一般に、コンテナ港と思われている洋山港ですが、じつはちょっとしたハイキングコースがあるのは、あまり知られていないと思います。観光地として開発されていたのは、私も最近まで知りませんでした。2007年4月にOPENしていたようですが、それが今回出かけてきた石竜景区です。

島自体は岩がゴロゴロしている、とても殺風景で荒々しい景色です。いまでこそコンテナヤードで賑わっていますが、自然の厳しさを感じさせられます。

島の歴史は結構古いそうで、文献には545年頃からその存在の記載があり、唐代の743年には日本へ渡ろうとした鑑真和上が風の状況が良くなかったので2回この島に滞在しているらしく、そのことを偲ぶ石の彫刻が残っているらしい。また、倭寇の襲来に備えて、明代の1552年には軍事訓練が行われたりしています。文人達も時々訪れていたらしく、彼らが巨石に掘った書が今でも残っています。近現代では1949年頃は国民党の蒋経国がこの島で活動したりと色々なエピソードがある島でもあります。

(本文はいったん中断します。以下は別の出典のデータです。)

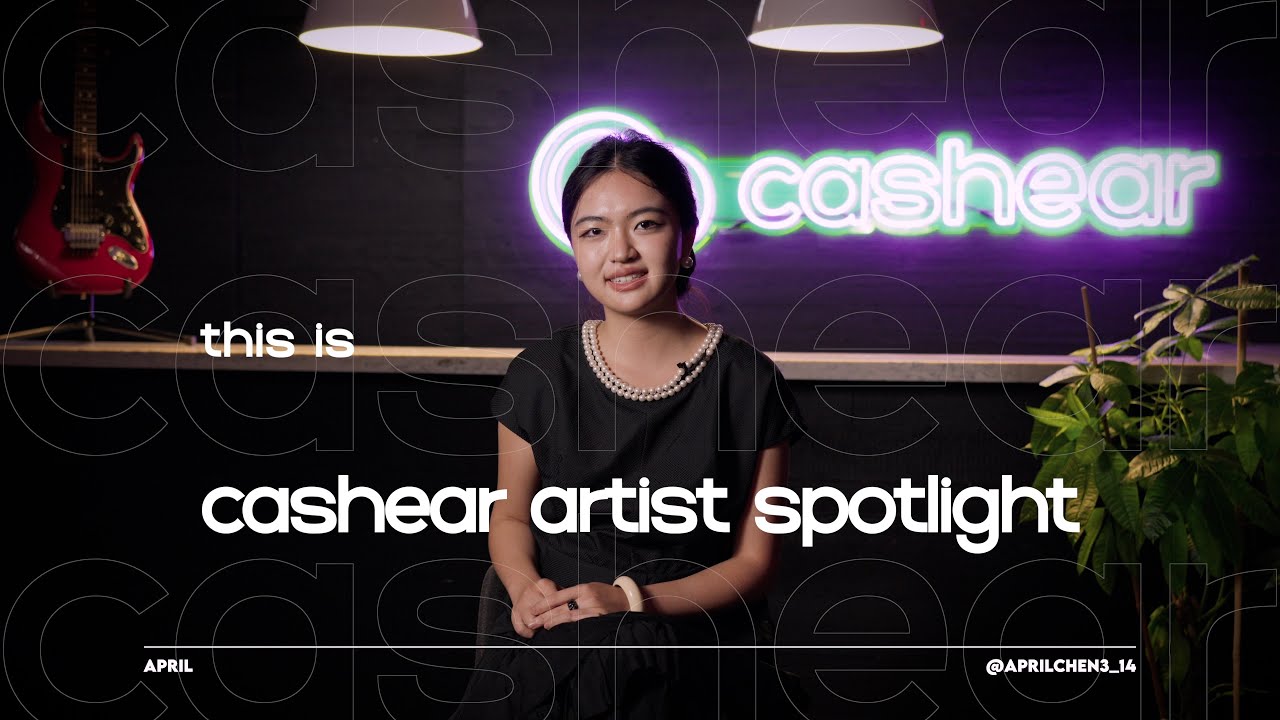 April in a black dress and pearl necklace on the Artist Spotlight set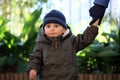 Baby Boy Wearing A Blue Knit Winter Hat And Green Winter Parka Royalty Free Stock Photo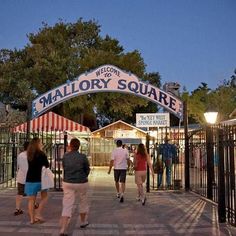 people walking under an entrance to mallory square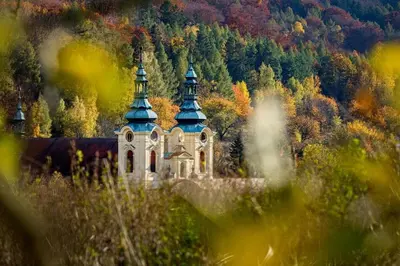 an old building with two towers in the middle of a forest at Suite at Château Domoušice in Domoušíce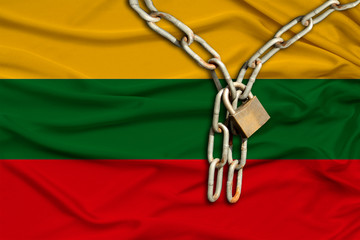 iron chain and lock on the silk national flag of lithuania with beautiful folds, the concept of a...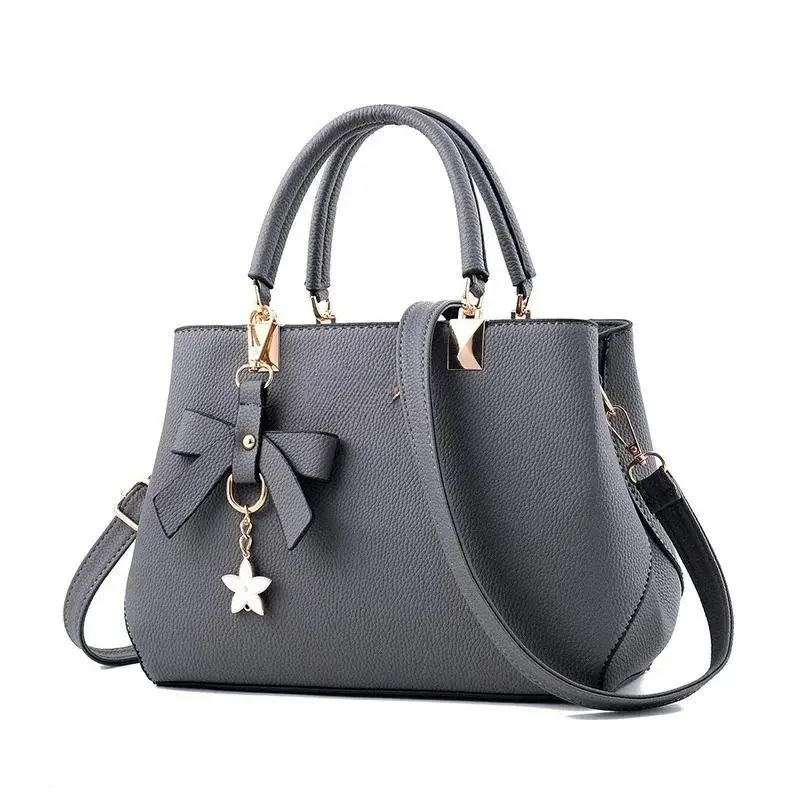 Female Minimalist Chic Floral Pendant Commuter Bag - Plain Design, Spacious Interior, Crossbody Tote, Casual Wear Ready for Work & Sports
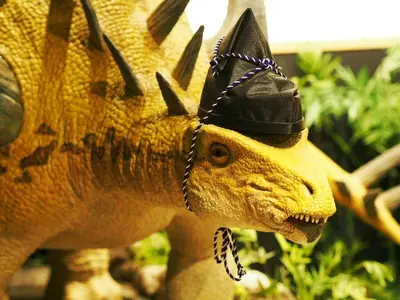 a toy dinosaur with a hat on its head at Henn na Hotel Tokyo Nishikasai in Tokyo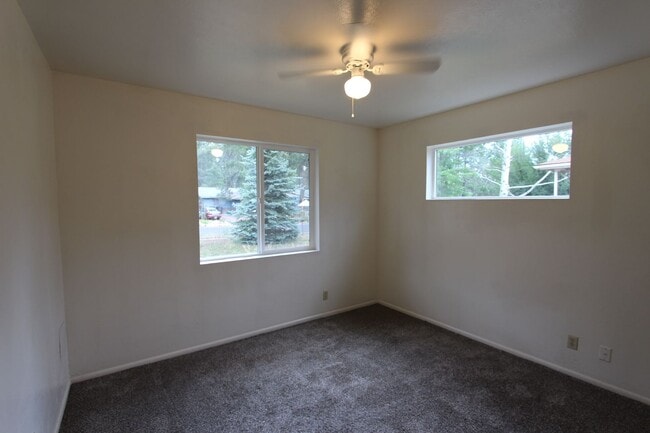 Building Photo - COMING AUGUST | 3-Bedroom Home in Bow & Arrow Acres | Large Yard + Wood-Burning Fireplace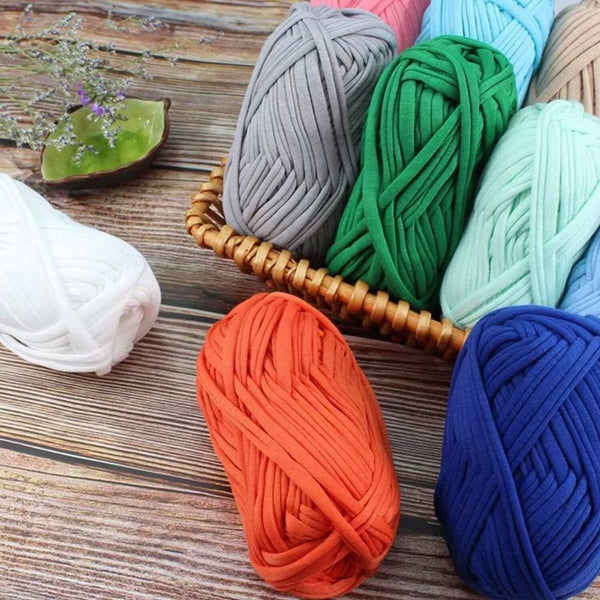 Multiple thick yarn balls in assorted colors arranged on a rustic wooden surface, including white, gray, green, mint, peach, orange, and blue. Some yarn balls are placed in a small woven basket, and a decorative green stone is visible in the background.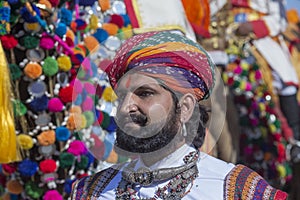 Indian man wearing traditional dress participate in mister desert contest of festival in Jaisalmer, Rajasthan, India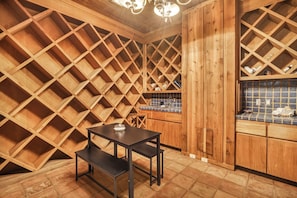 Interior de madera con una mesa y banco, zona de cocina con azulejos azules y techo de madera con diseño en forma de cruz.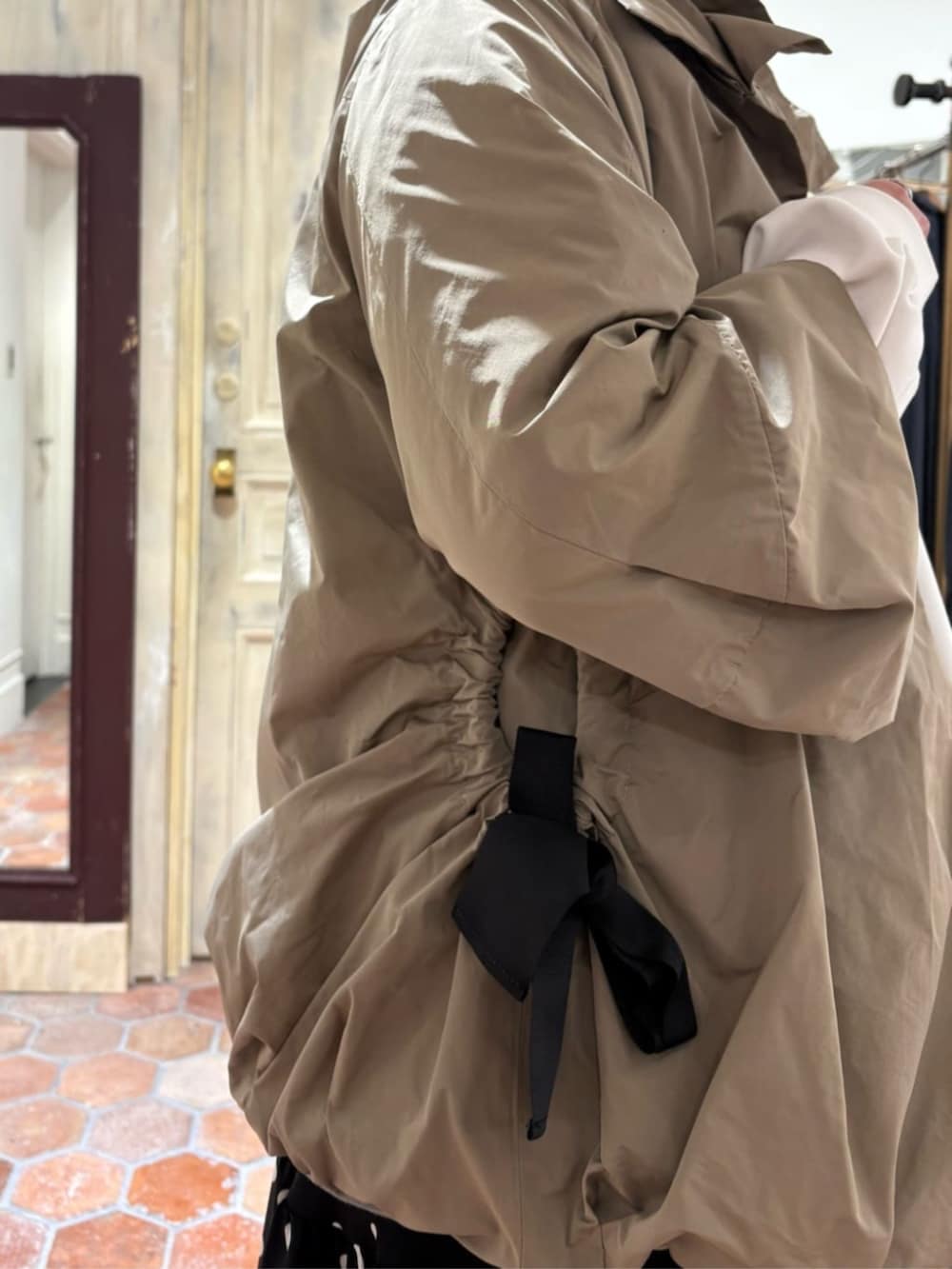 グリーン系のハンドバッグ、ブラック系のスカート、ブラウン系のブルゾンを着用したレディースの冬コーディネートの5枚目の写真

奈良にゆかりのある鑑真和上がこの島に来ているというのはすこし感動ものです。
いまでこそ、橋をクルマで渡れてしまうのですが、いざ船となると大変なことです。この島に到着した鑑真和上は、どんな心境で日本を目指したのか、ちょっと想像してしまいます。この目の前の茶色の大海原をみながら。。。。
さて、現在の小洋山島は保税区にもなっていて、どこでも自由に歩き回れるというわけではありません。ただ、このハイキングコースは入場料30元+駐車場10元で自由に入れます。ちなみに、売店は入り口にありますが、ハイキングコースにはないので水などは持参した方が無難です。

以前は歩きにくかった岩の道は、いまではちゃんと歩けるように整備されていて、普通のスニーカーで十分に楽しめます。アップダウンはけっこうありますが、全長2600メートル程度なので、子供でも十分歩けます。展望台も4カ所設置されていて、島の様子を見るのもまた楽しいです。

ただ、お薦めは一番奥に位置する標高141.7メートルの大観音山です。ここからは、巨大洋山港の延々と続くコンテナヤードや、付近の島々を望むことができます。ここが中国の物流の拠点であることをこの目で確りと確認できます。
とにかくでかいんです!

(ヘソカドケマイマイ)
実は、ハイキング中に珍しいカタツムリを発見しました。日本では絶滅が心配されているヘソカドケマイマイかと思われます。殻のふちにトゲトゲが出ている、特徴のある形をしています。
私達は清明節の連休中にいったのですが、人はそれほど多くもなく、海からの風だけに空気も新鮮で、とても気持ちいいハイキングができました。この先には、様々な島もあり、また機会があったら違う島も訪れてみたいと思いました。